Show all lines containing "Black" from the data below.
┌─ Dataset excerpts
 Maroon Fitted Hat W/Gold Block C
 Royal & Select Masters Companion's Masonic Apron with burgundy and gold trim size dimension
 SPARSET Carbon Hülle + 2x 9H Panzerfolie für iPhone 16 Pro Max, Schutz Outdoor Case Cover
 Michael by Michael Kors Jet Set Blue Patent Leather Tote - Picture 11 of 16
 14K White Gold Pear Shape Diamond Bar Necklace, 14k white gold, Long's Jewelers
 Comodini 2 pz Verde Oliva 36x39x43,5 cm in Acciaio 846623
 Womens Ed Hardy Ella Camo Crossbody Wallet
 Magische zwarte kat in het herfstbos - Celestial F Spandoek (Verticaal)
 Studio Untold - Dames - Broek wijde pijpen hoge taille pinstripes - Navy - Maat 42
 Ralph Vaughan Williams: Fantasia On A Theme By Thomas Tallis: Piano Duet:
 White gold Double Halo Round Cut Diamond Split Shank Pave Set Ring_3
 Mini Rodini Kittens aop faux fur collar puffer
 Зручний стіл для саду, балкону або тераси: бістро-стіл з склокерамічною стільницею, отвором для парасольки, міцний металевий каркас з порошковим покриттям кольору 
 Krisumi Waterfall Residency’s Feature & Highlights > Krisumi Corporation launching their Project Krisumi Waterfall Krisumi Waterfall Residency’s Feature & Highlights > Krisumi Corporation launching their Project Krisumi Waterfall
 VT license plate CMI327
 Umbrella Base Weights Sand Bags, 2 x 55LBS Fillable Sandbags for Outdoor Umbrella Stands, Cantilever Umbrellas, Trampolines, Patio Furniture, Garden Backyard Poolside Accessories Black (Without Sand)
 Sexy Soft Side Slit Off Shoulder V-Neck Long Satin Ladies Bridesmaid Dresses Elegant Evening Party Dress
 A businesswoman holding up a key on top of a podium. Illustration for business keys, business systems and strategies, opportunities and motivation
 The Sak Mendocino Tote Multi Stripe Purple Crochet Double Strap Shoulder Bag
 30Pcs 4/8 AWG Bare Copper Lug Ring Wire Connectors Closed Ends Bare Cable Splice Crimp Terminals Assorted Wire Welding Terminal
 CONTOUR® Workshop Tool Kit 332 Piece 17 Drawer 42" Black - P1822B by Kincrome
└─
**Solution to the problem:**
 Umbrella Base Weights Sand Bags, 2 x 55LBS Fillable Sandbags for Outdoor Umbrella Stands, Cantilever Umbrellas, Trampolines, Patio Furniture, Garden Backyard Poolside Accessories Black (Without Sand)
 CONTOUR® Workshop Tool Kit 332 Piece 17 Drawer 42" Black - P1822B by Kincrome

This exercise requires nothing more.